Not sure about where you live, but where I live, that is a problem. Although most homes where I live the ground rod is not visible, most of the time I have seen them use galvanized ground rods. There is nothing wrong with that in itself, except the conductors used to attach to the rod are usually copper. Galvanized doesn't "talk" to copper very well, and you end up with "dissimilar metal corrosion" over time. So your "ground" although will still protect you from electrical shock from a major appliance malfunction, it doesn't help much in the way of nearby lightning strikes because as the corrosion builds up, the more "resistance" to earth ground it has, and the more voltage is allowed to develop on the "ground" conductor during storms.

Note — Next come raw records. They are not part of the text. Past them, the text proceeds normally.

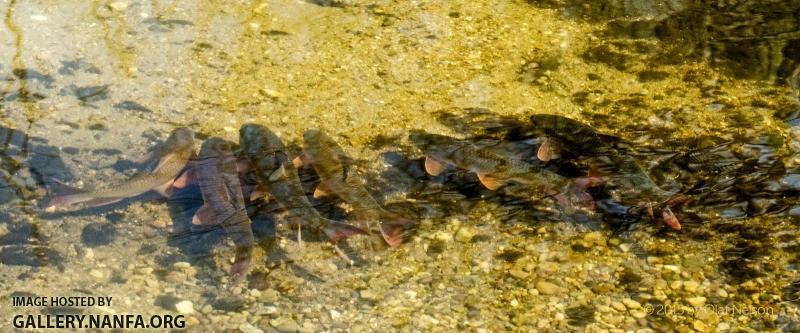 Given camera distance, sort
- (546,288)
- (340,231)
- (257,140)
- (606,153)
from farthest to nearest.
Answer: (606,153), (257,140), (340,231), (546,288)

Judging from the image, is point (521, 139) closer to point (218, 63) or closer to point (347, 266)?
point (347, 266)

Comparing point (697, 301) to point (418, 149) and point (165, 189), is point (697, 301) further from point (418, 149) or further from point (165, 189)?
point (165, 189)

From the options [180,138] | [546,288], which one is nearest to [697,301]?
[546,288]

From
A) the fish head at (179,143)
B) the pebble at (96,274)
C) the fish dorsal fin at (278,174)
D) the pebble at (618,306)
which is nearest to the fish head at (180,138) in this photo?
the fish head at (179,143)

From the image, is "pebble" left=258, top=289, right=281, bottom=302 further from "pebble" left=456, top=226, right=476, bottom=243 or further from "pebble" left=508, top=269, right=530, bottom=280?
"pebble" left=508, top=269, right=530, bottom=280

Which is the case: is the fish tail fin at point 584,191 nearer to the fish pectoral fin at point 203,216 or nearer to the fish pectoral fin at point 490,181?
the fish pectoral fin at point 490,181

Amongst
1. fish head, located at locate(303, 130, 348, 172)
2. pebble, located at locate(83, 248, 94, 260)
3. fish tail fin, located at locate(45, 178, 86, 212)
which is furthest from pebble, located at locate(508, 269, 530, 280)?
fish tail fin, located at locate(45, 178, 86, 212)

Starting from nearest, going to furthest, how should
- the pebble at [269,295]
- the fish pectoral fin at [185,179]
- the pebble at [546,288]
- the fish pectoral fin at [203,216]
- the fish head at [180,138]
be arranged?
the pebble at [269,295] < the pebble at [546,288] < the fish pectoral fin at [203,216] < the fish pectoral fin at [185,179] < the fish head at [180,138]

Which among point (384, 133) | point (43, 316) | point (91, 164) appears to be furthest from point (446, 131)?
point (43, 316) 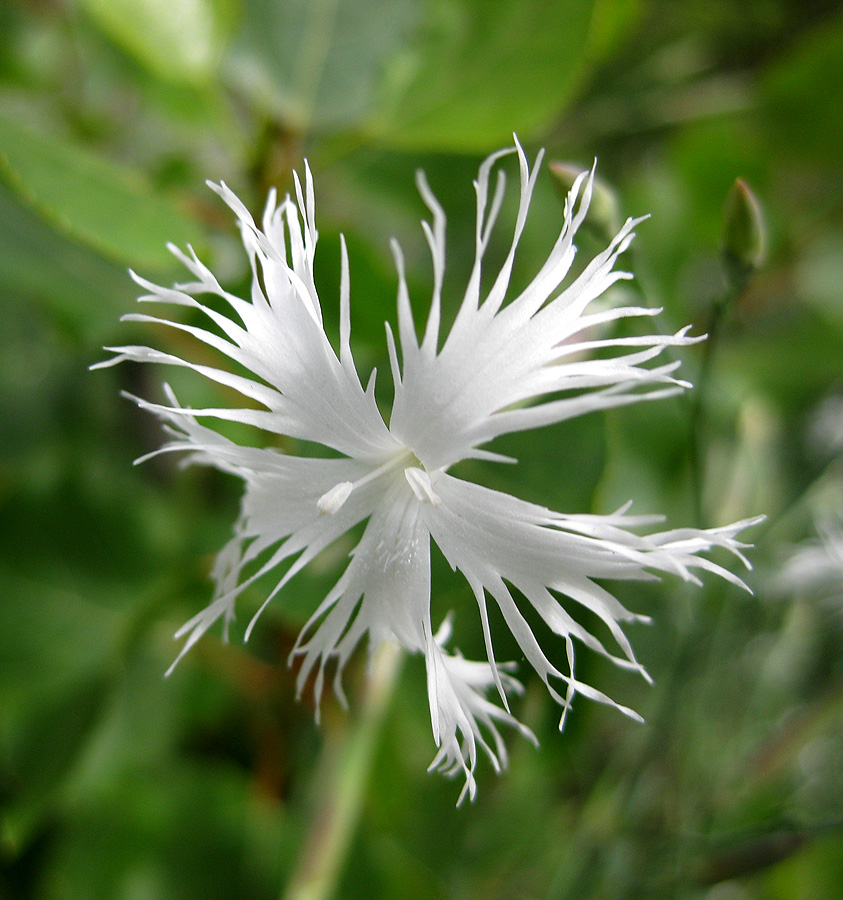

So, start with a good ground, along with shielded cable, and quality surge suppression, and you should have a nearly bulletproof (notice I said "nearly!) setup.
In my case, I have driven a copper clad steel ground rod next to the main service ground, and tied the two together (very important-if you don't, you will have dissimilar imedances from the two grounds which will manifest itself as ground loop issues, and actually increase the likelyhood of damage from lightning due to the difference in potential of the two separate grounds). I have also brought in 2" wide ground strap that we use in our industry (heavy guage wire should do nicely; the bigger, the better), and attached it to my ethernet rack, grounding all equipment that is bolted to the rack.
The last thing I need to do, and was the whole purpose of this thread, is rip up ALL my cat5/e in my house and re-run it with SHIELDED cat5/e. The important thing with shielding, is you only ground the shield on ONE END only, which means my distribution point, all shieldes will get bonded to the ground strap, which should majorly reduce the amount of damage I am taking.
So, my point of this post (aside from making myself feel better) was that if you are doing new construction, and you live in an area that is prone to nearby lightning strikes (ask you neighbors if they have every suffered any losses from storms), then take the time to do it right with shielded cat5 cable, a good ground, and adequate surge suppression.
A good link on why shielded cat 5 is here:http://www.belden.com/pdfs/Techpprs/...ghEnoughtp.pdf
Especially scroll down to the part about EMI/RFI; although they do not specify lightning directly, actually lighting is form of EMI/RFI-just a REALLY POWERFUL version of it.
Everyting you wanted to know about grounding and suppression:http://www.polyphaser.com/technical_notes.aspx
I hope this boring rant helps someone out there!